Numerous single-institutional series [1]–[3] and phase II studies [4]–[6], including a multi-institutional Radiation Therapy Oncology Group (RTOG) study, have demonstrated high local control rates of greater than 80–90% with SBRT for lung tumors and a low risk of severe toxicity (<10%) when patients are appropriately selected.

However, early reports of lung SBRT demonstrated unique toxicity events that have not been previously seen with conventionally fractionated thoracic RT. In particular, chest wall (CW) toxicity, which typically occurs several months after SBRT, has been observed in multiple series with varying incidences [7]–[16]. CW toxicity includes a spectrum of clinical findings including rib fracture (symptomatic or asymptomatic), CW pain (focal or diffuse) or skin changes (erythema, ulceration). These early series evaluating SBRT toxicity defined the CW as an organ at risk (OAR).

One of the earliest CW toxicity publications, Dunlap et al [7], determined that the volume of CW receiving at least 30 Gy (V30) was associated with CW toxicity and that maintaining the CW (CW) V30 below 30 mL resulted in a trend toward reduced toxicity. Similarly, a series from Stephans et al [8] demonstrated a correlation between tumor size and CW dosimetry with CW toxicity and concluded that maintaining two dosimetric parameters for the CW, V30<30 mL and V60<3 mL, resulted in a lower (10–15%) risk of CW toxicity. In addition, Woody et al [9] employed the concept of modified equivalent dose (mEUD) [17] and concluded for their series, that mEUD was a better predictor of CW pain than V30.

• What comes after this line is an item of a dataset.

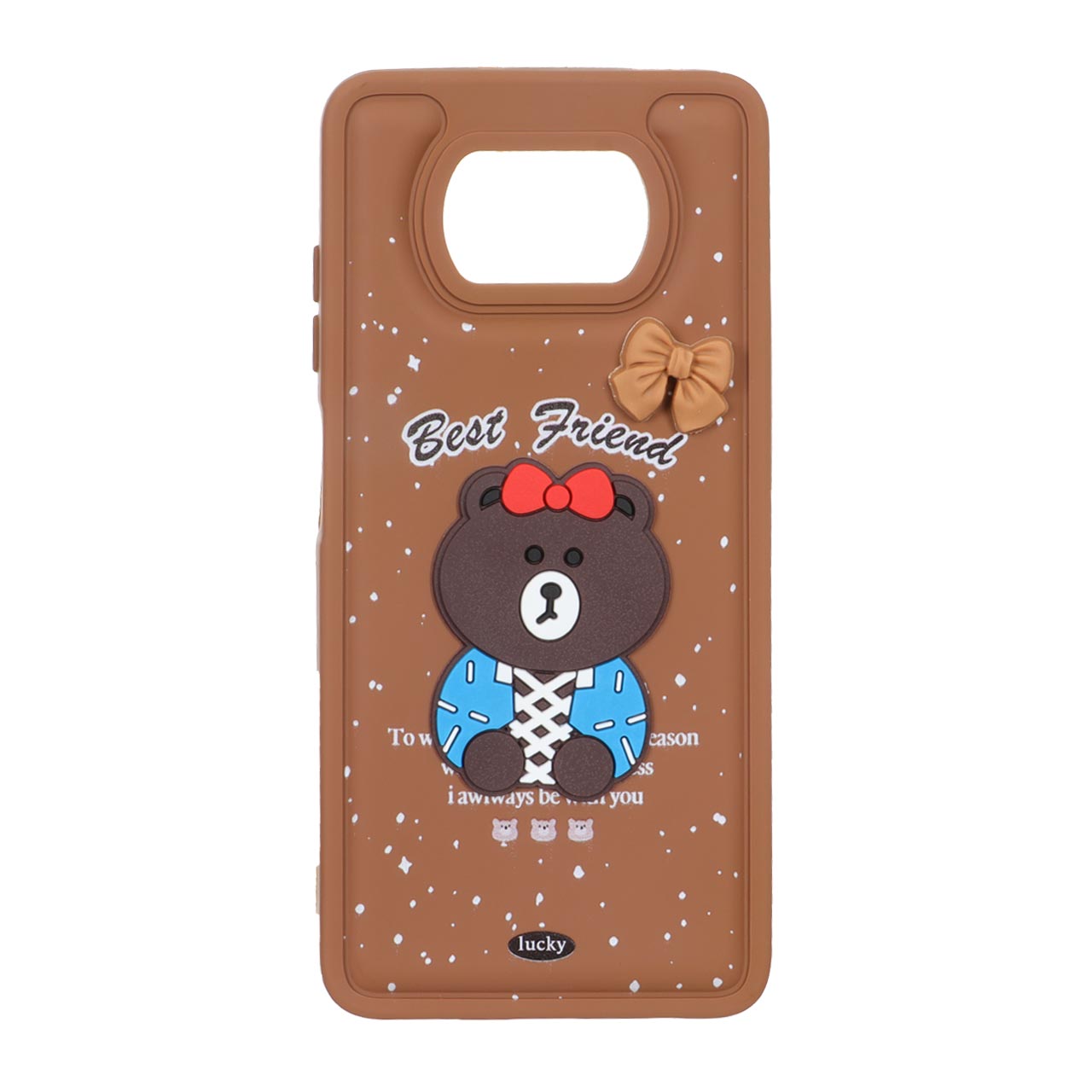 قاب گوشی Xiaomi Poco X3 / Poco X3 Pro / Poco X3 NFC طرح پافر ساده Lucky عروسک خمیری قهوه ای کد101/13067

Based on these early reports of CW toxicity, starting in 2010 we modified our departmental lung SBRT regimen to a risk-adapted fractionation approach [10], based primarily on the CW V30. With the goal of significantly reducing CW toxicity after treatment, peripheral tumors with minimal CW contact and CW V30≤30 ml were treated with 18 Gy×3 fractions (54 Gy total) while peripheral tumors with broad CW contact and/or CW V30>30 mL were treated with 10–12 Gy×5 fractions (50–60 Gy total).

In this study, we report the incidence of CW toxicity for patients treated with a risk-adapted SBRT approach based on CW dosimetry (V30). Also, we present a comprehensive analysis to identify other metrics that might further predict CW toxicity in these patients.

Methods and Materials

Patient selection and evaluation

This study was conducted with the approval of the institutional review board (IRB) for the Dana-Farber/Brigham and Women's cancer center. Because our study was a retrospective review of existing medical records, the requirement for a formal informed consent was waived by the IRB. Data used was de-identified to protect patient confidentiality.

Between the inception of our lung SBRT program in 2009 and 2013, 167 patients were treated at Brigham and Women's Hospital/Dana-Farber Cancer Institute for peripheral lung tumors using SBRT. From this initial data set, patients having a minimum of one year of follow-up or a CW toxicity event were included. The study cohort is comprised of 72 treatment plans for 69 patients. All patients in our study were treated with either 3 or 5 fractions of SBRT.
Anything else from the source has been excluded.